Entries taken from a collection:
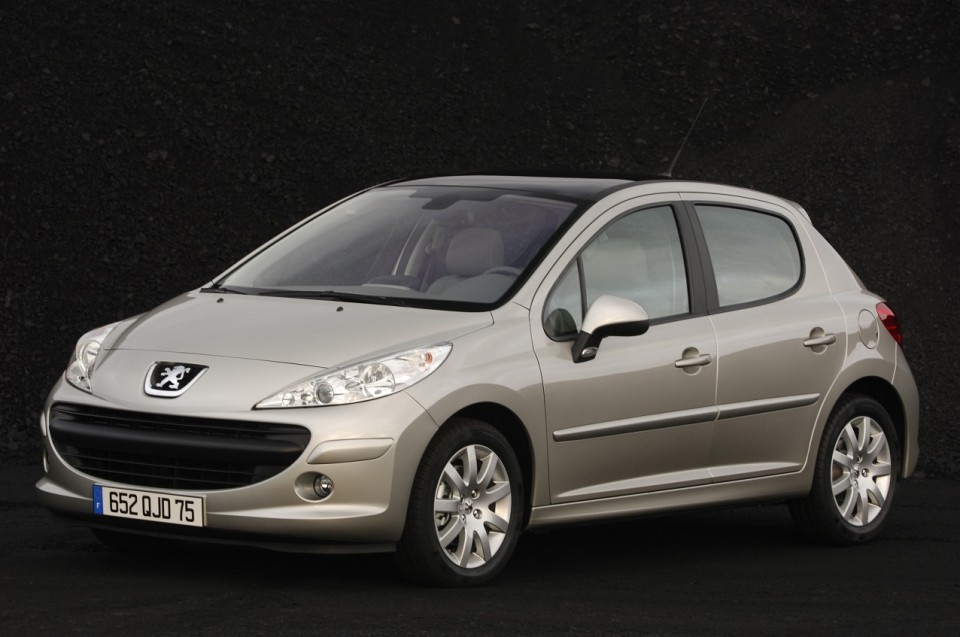 Photo 3/4 avant Peugeot 207 Executive Pack Gris Aluminium phase 1 (2006) - 1-009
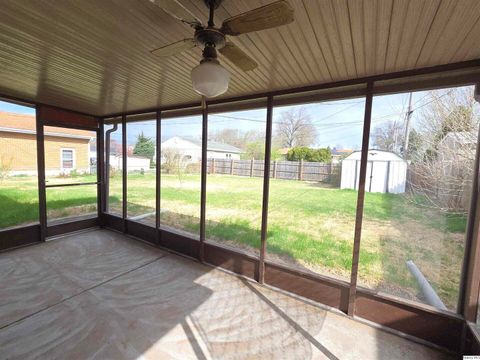 Tiny photo for 3605 Lindell Ave. Ave, Quincy, IL 62305 (MLS # 12611038)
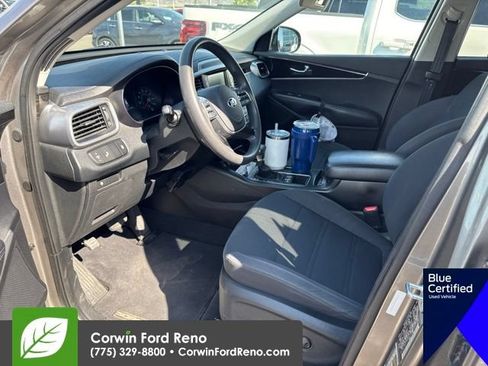 Used 2019 Kia Sorento AWD V6 image 10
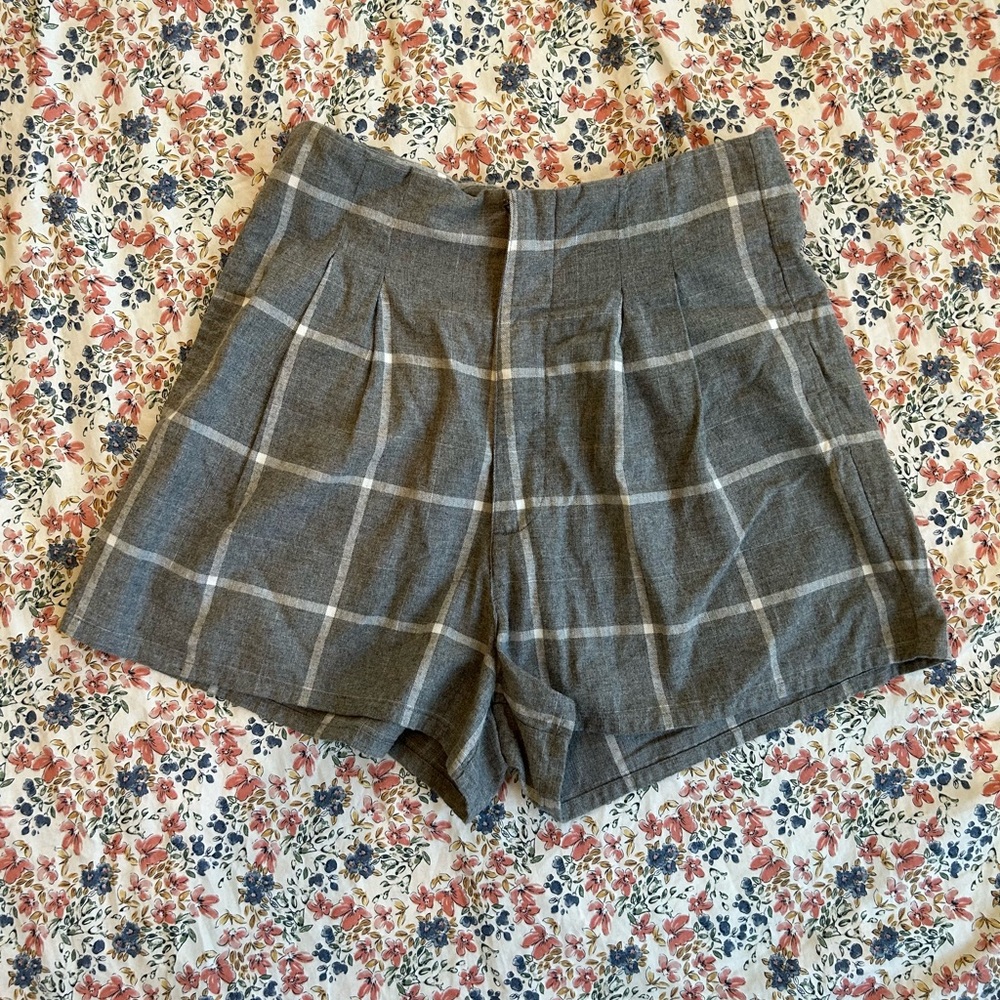 🌷🌷 NWT Hello Nite Pleated Shorts 🌷🌷
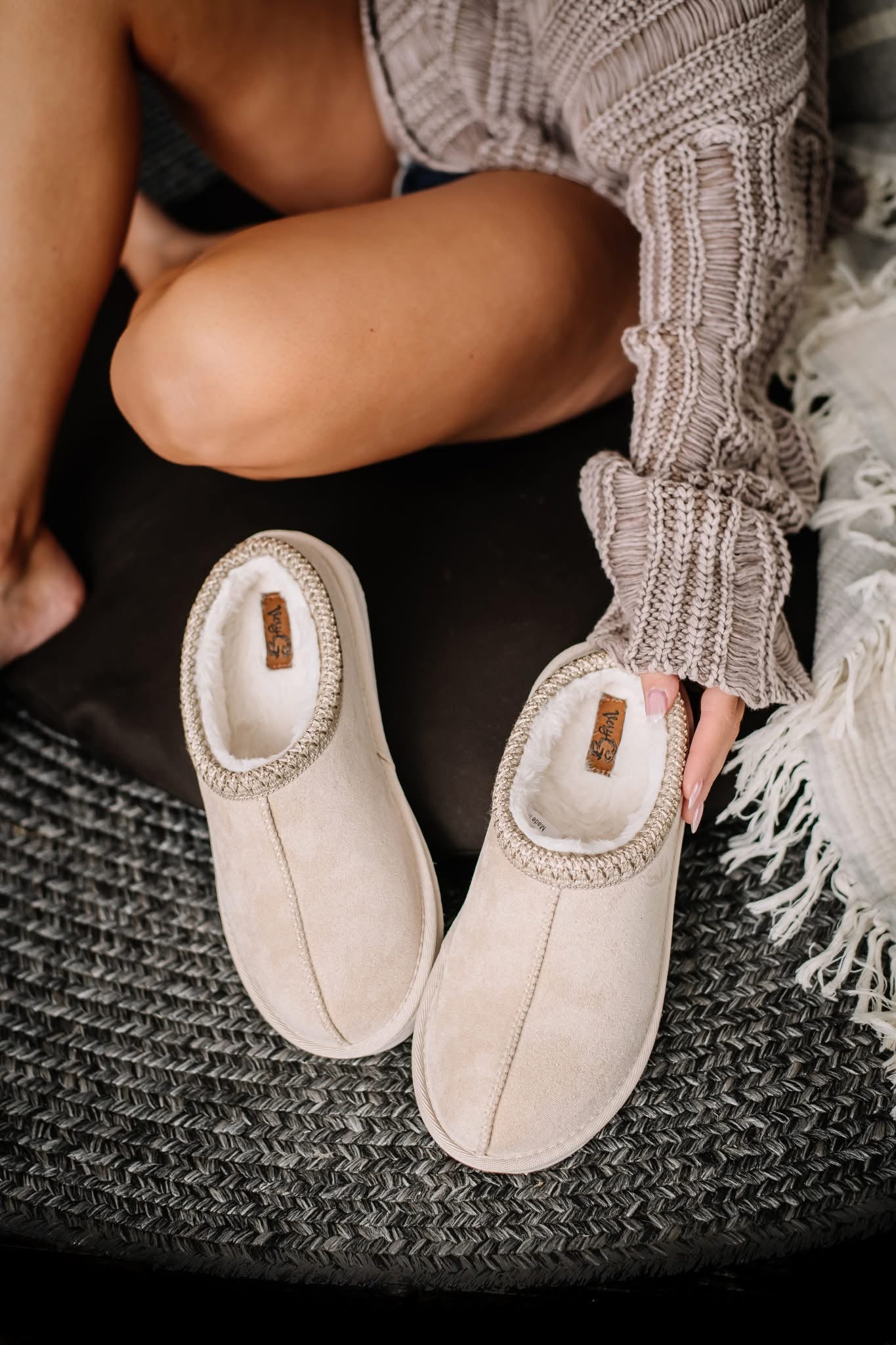 Sparks Clogs - Cream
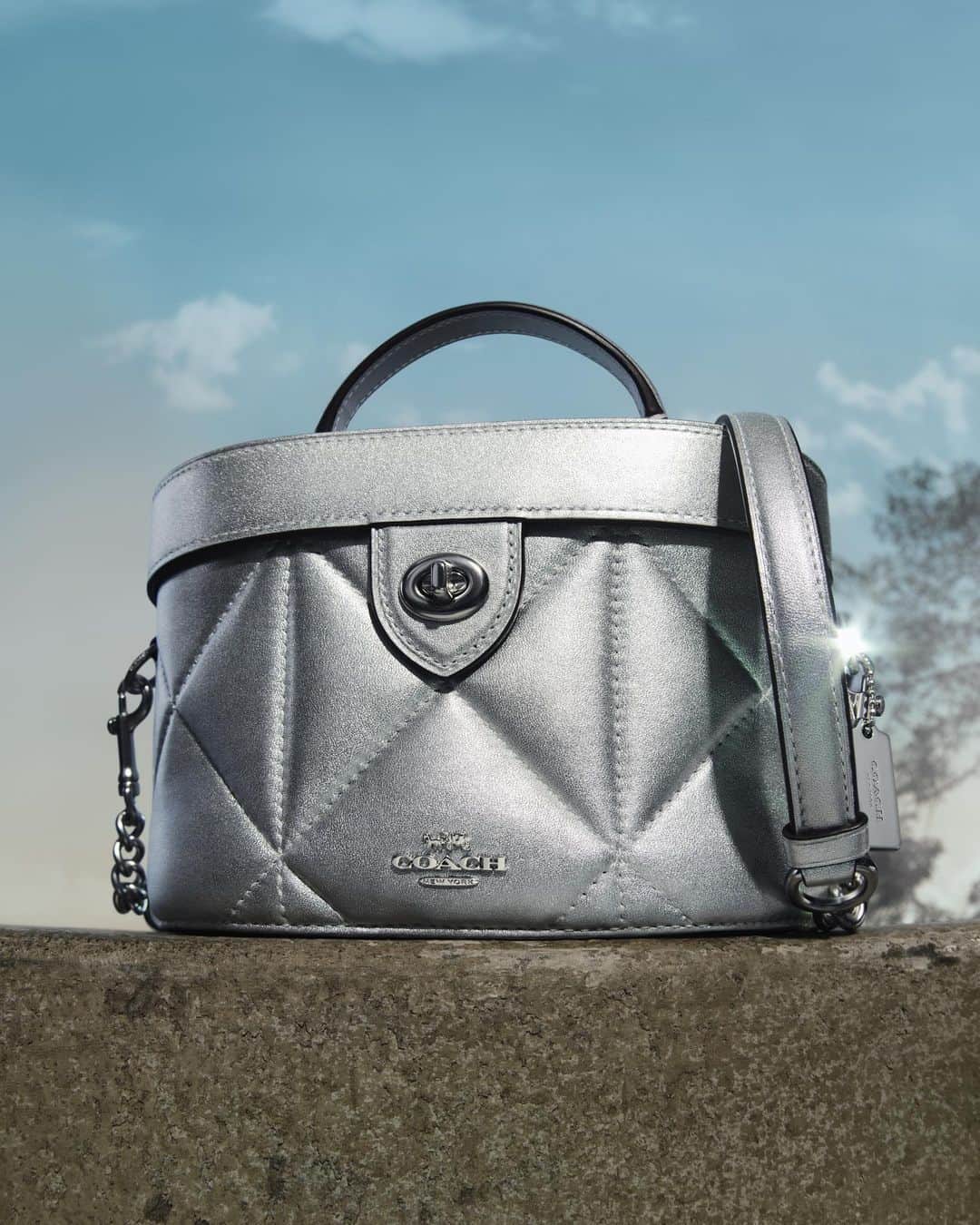 コーチのインスタグラム：「The closest you can get to carrying a disco ball. 🪩   #WearYourShine. Our Fall 2023 story is a call to resist your inner critic and show your most confident self.  #CourageToBeReal #CoachOutlet」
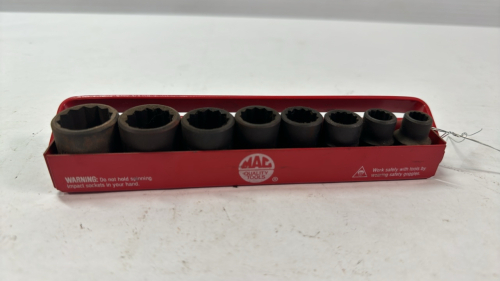 Mac 3/8in Drive SAE 12 Point Socket Set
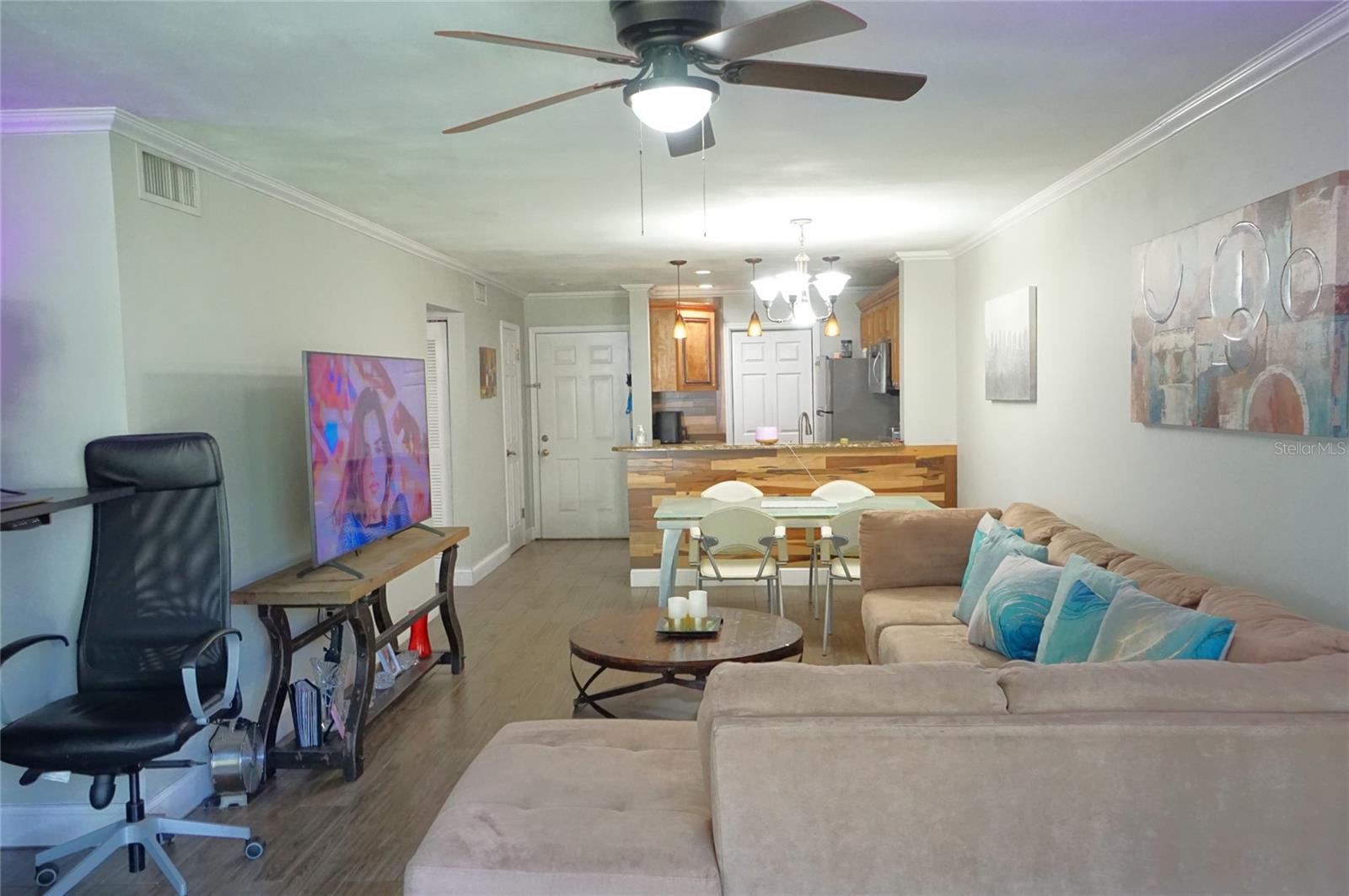 THE LANDINGS OF TAMPA A CONDOM - Residential Lease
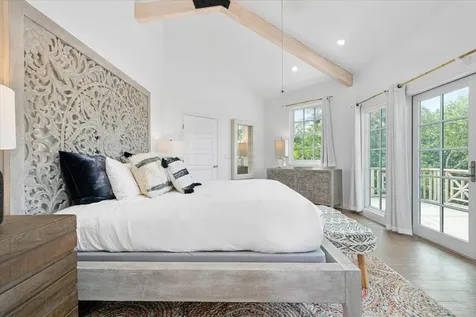 Queen Pineapple Andros BS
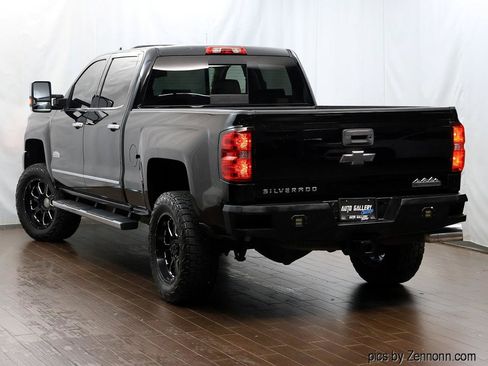 Used 2015 Chevrolet Silverado 2500 High Country w/ Duramax Plus Package AWD/4WD image 9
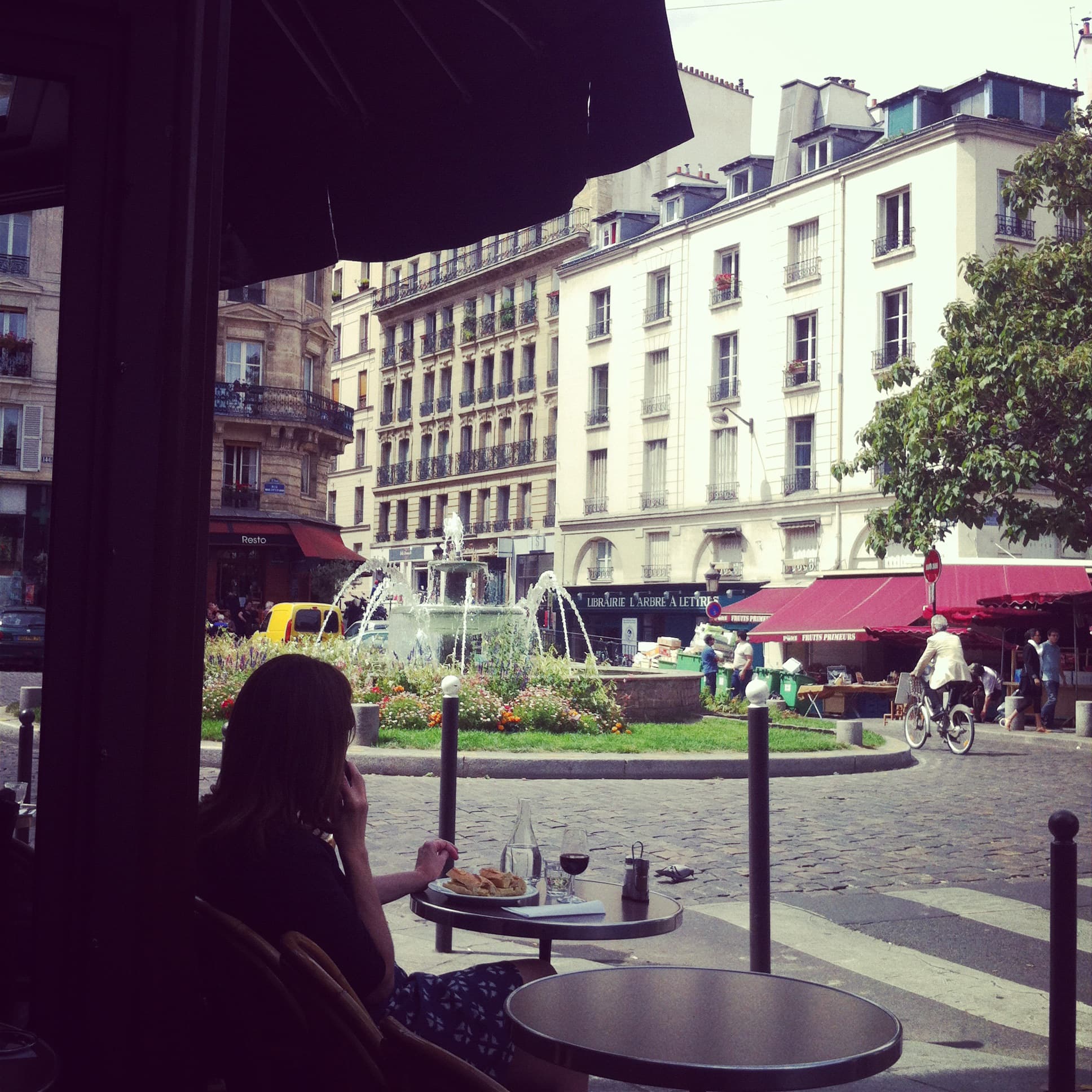 le #vineinparis du dimanche - rue Mouffetard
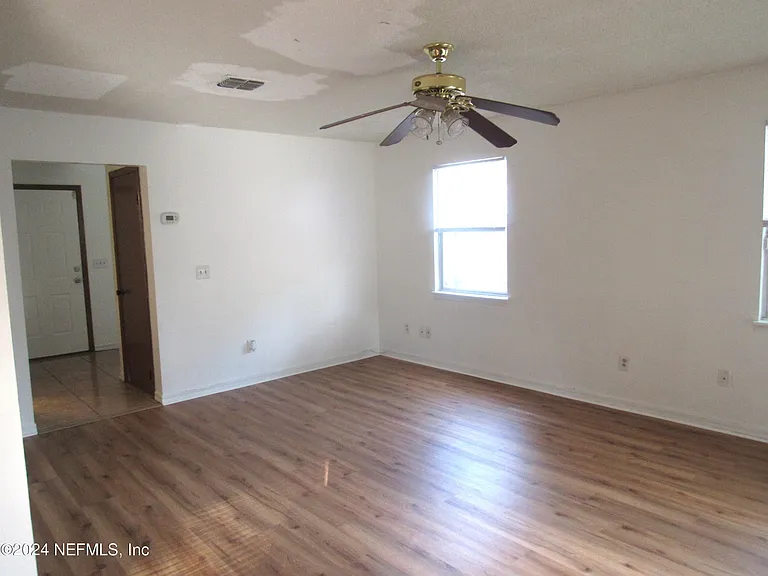 11722 Tanager Dr — Photo 15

* [TO DO]: When you reach the line that contains "Used 2015 Chevrolet", start reproducing, and continue word for word to the end of the records; skip all pictures.

* [REPLY TO THE EXERCISE]:
 Used 2015 Chevrolet Silverado 2500 High Country w/ Duramax Plus Package AWD/4WD image 9
 le #vineinparis du dimanche - rue Mouffetard
 11722 Tanager Dr — Photo 15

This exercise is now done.